Nel primo, l’osservazione quotidiana della vita d’un quartiere storico di Casablanca si trasforma subito in una sagace ritratto dall’interno della comunità di donne che l’abita. La regista ottiene la fiducia e la confidenza delle sue protagoniste; ma se il film non si contenta di essere un contenitore di testimonianze è grazie a una regia lucida e tesa che mette in contesto le donne protagoniste ritraendole intente nelle faccende quotidiane e negli altri ambiti della vita ordinaria riuscendo a tessere, in un gioco di solidale complicità con loro, un velo d’ironia che si sovrappone al racconto ufficiale del film trasformandolo nel profondo. Inatteso e inconsueto, il film dedicato a Jean Genet si centra intorno alla sua tomba in un piccolo camposanto sul mare in Marocco. Genet e il luogo dove riposano le sue spoglie mortali sono quasi un pretesto per raccontare un paese autentico e sconosciuto. Il recinto del piccolo cimitero cattolico inizia presto a mostrare il suo ruolo di funzione narrativa: il dentro (la placida e ripetitiva vita della famiglia del guardiano, i testimoni che vengono a visitare la tomba del poeta, le voci degli operai, protagonisti casuali che guardano al mare sotto di loro solo come strada possibile per cambiare vita altrove) e il fuori (gli schiamazzi e le intemperanze dei bambini che giocano subito oltre il cancello e poi, poco distante, un gigantesco complesso carcerario dal quale provengono voci e storie in rima con la vita del poeta defunto) si scambiano di posto, sovvertendo le legittime aspettative dello spettatore.

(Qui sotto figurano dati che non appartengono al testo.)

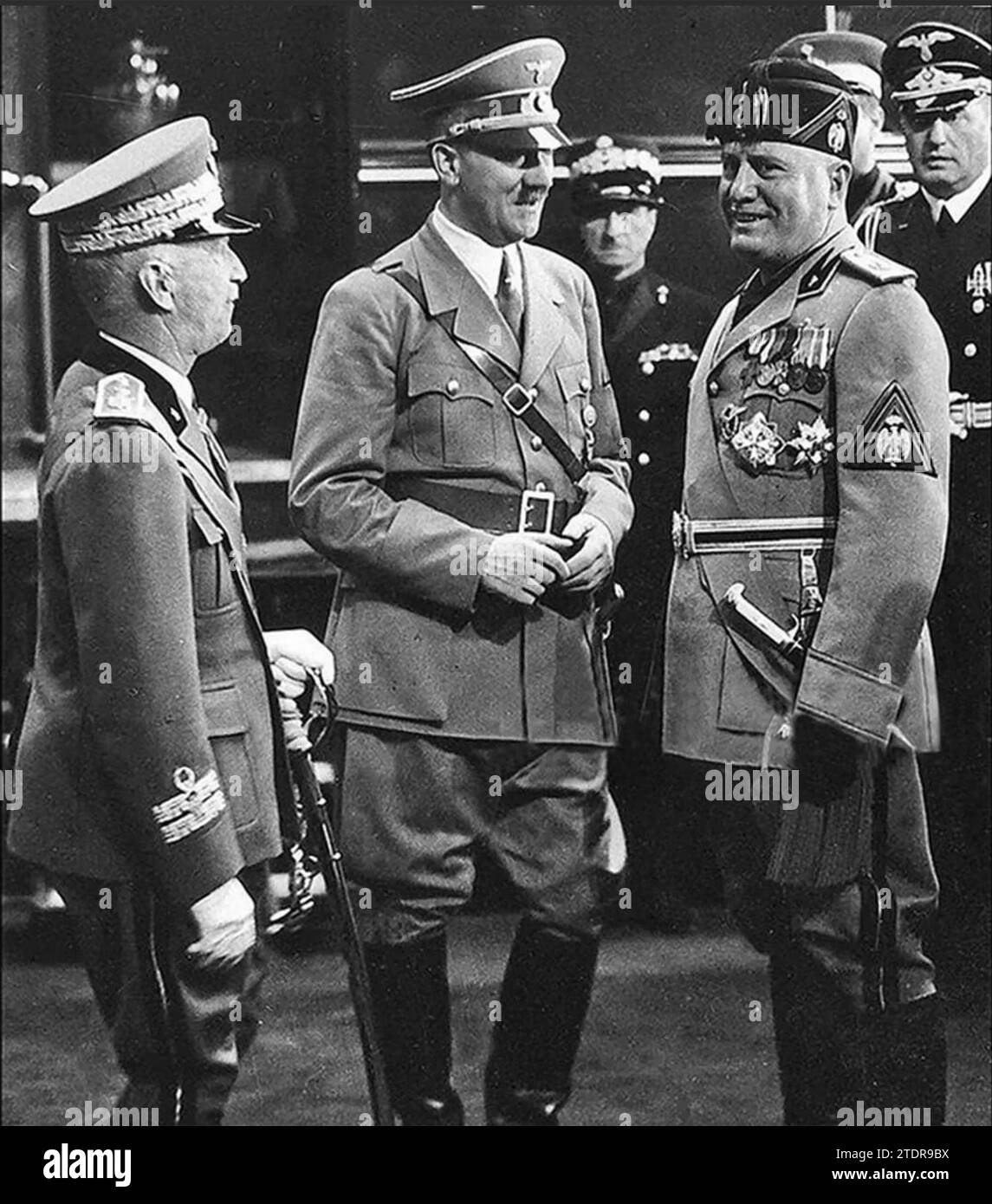 HITLER in Italy 1938 with Benito Mussolini at right and King Victor Emmanuel III. Stock Photo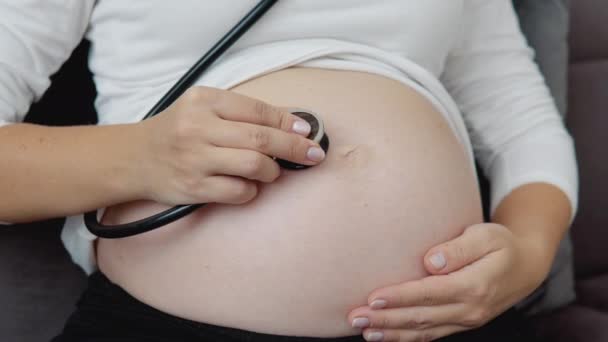 Une femme enceinte à la peau claire écoute les mouvements et les battements de cœur du fœtus avec un stéthoscope. — Video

L’ultimo appunto è per uno dei due film scelti dal programmatore e filmmaker mozambicano Pedro Pimenta, A memory in three acts, un saggio stilisticamente e concettualmente perfetto che lavora sulla memoria del recente passato coloniale del Mozambico, in parte già cancellata, eppure necessaria per un futuro di libertà e di pace.